= Beginning of Section =
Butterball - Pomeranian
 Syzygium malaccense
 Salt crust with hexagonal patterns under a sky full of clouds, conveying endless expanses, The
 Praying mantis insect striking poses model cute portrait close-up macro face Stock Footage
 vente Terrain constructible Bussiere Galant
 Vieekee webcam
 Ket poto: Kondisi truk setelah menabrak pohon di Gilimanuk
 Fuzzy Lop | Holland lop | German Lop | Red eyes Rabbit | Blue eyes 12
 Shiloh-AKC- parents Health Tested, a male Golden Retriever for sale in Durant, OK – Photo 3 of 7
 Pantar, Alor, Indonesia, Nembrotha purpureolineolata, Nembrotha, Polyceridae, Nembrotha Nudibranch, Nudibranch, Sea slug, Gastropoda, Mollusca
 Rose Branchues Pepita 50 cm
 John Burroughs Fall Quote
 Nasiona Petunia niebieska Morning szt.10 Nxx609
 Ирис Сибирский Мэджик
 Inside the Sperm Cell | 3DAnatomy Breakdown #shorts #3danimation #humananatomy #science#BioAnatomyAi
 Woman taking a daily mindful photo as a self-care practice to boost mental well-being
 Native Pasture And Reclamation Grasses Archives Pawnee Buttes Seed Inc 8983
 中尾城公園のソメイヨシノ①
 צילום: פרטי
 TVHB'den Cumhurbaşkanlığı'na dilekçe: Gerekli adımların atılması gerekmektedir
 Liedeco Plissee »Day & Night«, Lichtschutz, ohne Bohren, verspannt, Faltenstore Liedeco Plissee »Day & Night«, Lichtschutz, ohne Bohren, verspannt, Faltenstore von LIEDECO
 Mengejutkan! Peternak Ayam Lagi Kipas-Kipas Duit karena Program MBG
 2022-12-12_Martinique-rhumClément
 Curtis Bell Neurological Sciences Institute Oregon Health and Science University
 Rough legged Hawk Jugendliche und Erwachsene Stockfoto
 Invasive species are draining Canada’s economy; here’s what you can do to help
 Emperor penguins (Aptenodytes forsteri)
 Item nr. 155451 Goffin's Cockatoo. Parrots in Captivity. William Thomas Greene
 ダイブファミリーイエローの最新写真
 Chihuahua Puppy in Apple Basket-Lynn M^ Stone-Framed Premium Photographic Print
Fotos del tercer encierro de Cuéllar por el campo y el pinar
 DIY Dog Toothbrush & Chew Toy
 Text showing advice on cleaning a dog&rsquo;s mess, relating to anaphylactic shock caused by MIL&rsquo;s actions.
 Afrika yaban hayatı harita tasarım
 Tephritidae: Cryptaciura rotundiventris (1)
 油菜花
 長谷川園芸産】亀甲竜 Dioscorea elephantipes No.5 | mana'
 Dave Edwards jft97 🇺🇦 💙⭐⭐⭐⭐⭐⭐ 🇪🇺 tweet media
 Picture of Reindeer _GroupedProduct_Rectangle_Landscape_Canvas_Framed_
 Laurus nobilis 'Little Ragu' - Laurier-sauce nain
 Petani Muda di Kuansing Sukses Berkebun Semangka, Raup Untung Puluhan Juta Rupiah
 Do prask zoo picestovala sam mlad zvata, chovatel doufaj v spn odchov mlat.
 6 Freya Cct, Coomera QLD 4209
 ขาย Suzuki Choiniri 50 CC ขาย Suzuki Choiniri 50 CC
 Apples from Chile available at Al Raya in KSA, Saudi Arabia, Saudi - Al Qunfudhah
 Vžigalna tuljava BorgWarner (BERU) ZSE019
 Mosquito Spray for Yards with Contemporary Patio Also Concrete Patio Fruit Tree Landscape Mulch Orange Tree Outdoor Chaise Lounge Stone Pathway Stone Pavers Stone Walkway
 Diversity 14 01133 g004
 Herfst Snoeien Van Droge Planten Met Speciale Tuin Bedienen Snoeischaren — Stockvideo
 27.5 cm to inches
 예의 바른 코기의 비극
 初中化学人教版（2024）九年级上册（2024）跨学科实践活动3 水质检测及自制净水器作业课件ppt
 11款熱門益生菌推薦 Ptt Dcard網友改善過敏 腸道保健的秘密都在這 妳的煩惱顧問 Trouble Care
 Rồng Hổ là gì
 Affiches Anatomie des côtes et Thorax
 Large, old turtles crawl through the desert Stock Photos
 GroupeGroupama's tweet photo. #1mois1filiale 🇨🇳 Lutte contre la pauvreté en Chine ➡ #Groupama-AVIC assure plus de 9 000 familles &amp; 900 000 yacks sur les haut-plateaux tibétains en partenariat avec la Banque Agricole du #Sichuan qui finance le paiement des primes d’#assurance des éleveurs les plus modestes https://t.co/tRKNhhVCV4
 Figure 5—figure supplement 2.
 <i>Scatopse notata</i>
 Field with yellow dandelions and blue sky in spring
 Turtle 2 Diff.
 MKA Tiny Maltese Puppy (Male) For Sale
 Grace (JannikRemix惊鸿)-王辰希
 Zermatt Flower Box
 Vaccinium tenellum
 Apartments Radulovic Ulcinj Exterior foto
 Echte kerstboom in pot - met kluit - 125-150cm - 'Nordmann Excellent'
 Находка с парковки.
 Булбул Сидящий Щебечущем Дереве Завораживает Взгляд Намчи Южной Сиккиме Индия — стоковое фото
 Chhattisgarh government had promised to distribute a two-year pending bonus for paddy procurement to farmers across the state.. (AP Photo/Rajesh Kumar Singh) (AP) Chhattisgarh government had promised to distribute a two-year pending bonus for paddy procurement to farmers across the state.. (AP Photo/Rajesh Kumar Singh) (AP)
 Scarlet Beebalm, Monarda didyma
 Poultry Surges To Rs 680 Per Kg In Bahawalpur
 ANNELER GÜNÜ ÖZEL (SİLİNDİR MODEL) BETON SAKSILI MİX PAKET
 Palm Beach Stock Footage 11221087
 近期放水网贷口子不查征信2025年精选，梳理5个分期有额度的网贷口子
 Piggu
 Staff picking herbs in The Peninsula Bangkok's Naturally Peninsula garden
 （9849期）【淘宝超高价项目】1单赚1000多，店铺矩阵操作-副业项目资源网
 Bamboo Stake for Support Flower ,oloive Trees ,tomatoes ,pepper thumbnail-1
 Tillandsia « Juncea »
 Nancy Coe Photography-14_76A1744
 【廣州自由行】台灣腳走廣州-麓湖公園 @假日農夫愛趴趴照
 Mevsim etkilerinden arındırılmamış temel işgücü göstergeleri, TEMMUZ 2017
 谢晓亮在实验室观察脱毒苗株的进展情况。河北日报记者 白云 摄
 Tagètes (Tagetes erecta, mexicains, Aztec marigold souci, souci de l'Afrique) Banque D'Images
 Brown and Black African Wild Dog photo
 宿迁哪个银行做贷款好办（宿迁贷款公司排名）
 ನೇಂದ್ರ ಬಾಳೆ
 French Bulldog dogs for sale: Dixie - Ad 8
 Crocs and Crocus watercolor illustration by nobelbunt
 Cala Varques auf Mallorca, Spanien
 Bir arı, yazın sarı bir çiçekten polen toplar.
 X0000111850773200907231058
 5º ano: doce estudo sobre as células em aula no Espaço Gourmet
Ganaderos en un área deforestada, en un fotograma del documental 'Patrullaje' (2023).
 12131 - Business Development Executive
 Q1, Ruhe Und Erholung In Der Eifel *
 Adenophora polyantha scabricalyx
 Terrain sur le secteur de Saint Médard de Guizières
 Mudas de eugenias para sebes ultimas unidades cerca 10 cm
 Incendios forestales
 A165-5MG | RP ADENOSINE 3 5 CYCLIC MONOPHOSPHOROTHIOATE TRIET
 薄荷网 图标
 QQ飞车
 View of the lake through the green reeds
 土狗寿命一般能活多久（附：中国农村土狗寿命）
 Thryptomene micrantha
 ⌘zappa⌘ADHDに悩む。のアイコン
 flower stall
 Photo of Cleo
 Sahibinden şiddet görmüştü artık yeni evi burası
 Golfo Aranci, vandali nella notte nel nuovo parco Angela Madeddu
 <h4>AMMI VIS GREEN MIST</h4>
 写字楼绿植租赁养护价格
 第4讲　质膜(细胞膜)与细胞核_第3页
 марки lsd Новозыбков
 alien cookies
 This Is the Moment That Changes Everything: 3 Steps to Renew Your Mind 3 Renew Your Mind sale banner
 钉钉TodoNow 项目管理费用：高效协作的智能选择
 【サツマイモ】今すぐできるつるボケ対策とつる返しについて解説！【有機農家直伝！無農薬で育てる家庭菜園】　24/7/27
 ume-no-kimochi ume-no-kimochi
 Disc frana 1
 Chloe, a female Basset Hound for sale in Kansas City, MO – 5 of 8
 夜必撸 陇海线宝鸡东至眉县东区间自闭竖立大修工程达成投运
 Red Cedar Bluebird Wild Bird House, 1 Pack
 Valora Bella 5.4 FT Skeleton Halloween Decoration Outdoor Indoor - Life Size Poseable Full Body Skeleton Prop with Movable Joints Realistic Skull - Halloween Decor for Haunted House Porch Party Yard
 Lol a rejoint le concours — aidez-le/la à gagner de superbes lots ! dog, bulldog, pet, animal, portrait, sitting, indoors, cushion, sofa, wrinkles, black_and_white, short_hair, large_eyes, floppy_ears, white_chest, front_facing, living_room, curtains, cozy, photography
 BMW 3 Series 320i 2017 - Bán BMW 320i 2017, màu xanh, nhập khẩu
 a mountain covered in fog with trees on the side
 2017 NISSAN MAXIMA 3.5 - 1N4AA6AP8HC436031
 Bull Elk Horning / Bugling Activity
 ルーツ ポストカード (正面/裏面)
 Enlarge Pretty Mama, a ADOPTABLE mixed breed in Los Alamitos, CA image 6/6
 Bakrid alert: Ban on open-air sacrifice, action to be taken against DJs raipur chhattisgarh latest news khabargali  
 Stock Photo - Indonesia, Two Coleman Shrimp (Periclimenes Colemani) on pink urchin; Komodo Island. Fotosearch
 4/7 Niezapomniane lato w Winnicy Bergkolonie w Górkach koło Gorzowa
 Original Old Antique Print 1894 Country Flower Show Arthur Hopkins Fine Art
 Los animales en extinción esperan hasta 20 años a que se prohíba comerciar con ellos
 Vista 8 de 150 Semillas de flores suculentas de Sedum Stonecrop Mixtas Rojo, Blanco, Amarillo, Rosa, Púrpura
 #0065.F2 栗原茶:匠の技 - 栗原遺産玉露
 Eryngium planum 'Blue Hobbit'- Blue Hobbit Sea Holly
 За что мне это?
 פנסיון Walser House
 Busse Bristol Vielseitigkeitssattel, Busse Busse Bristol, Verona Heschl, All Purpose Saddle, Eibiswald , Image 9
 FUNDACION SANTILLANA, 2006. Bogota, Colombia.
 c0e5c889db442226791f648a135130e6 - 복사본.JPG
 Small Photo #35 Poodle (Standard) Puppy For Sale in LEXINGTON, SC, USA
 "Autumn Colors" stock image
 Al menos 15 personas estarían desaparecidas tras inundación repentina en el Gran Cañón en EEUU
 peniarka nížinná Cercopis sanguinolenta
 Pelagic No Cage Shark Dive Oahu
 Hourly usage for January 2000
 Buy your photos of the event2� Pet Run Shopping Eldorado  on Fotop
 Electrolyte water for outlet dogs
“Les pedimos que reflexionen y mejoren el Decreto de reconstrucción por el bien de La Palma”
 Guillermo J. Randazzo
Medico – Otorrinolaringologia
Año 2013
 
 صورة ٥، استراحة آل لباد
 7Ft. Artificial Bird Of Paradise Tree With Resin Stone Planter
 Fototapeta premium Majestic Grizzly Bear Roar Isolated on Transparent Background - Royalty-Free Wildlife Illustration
= End of Section =
- **What you should do**
Within the material above, transcribe exactly the lines that run from the line holding "Rose Branchues Pepita 50 cm" through the line holding "Picture of Reindeer".

- **Completed exercise**
 Rose Branchues Pepita 50 cm
 John Burroughs Fall Quote
 Nasiona Petunia niebieska Morning szt.10 Nxx609
 Ирис Сибирский Мэджик
 Inside the Sperm Cell | 3DAnatomy Breakdown #shorts #3danimation #humananatomy #science#BioAnatomyAi
 Woman taking a daily mindful photo as a self-care practice to boost mental well-being
 Native Pasture And Reclamation Grasses Archives Pawnee Buttes Seed Inc 8983
 中尾城公園のソメイヨシノ①
 צילום: פרטי
 TVHB'den Cumhurbaşkanlığı'na dilekçe: Gerekli adımların atılması gerekmektedir
 Liedeco Plissee »Day & Night«, Lichtschutz, ohne Bohren, verspannt, Faltenstore Liedeco Plissee »Day & Night«, Lichtschutz, ohne Bohren, verspannt, Faltenstore von LIEDECO
 Mengejutkan! Peternak Ayam Lagi Kipas-Kipas Duit karena Program MBG
 2022-12-12_Martinique-rhumClément
 Curtis Bell Neurological Sciences Institute Oregon Health and Science University
 Rough legged Hawk Jugendliche und Erwachsene Stockfoto
 Invasive species are draining Canada’s economy; here’s what you can do to help
 Emperor penguins (Aptenodytes forsteri)
 Item nr. 155451 Goffin's Cockatoo. Parrots in Captivity. William Thomas Greene
 ダイブファミリーイエローの最新写真
 Chihuahua Puppy in Apple Basket-Lynn M^ Stone-Framed Premium Photographic Print
Fotos del tercer encierro de Cuéllar por el campo y el pinar
 DIY Dog Toothbrush & Chew Toy
 Text showing advice on cleaning a dog&rsquo;s mess, relating to anaphylactic shock caused by MIL&rsquo;s actions.
 Afrika yaban hayatı harita tasarım
 Tephritidae: Cryptaciura rotundiventris (1)
 油菜花
 長谷川園芸産】亀甲竜 Dioscorea elephantipes No.5 | mana'
 Dave Edwards jft97 🇺🇦 💙⭐⭐⭐⭐⭐⭐ 🇪🇺 tweet media
 Picture of Reindeer _GroupedProduct_Rectangle_Landscape_Canvas_Framed_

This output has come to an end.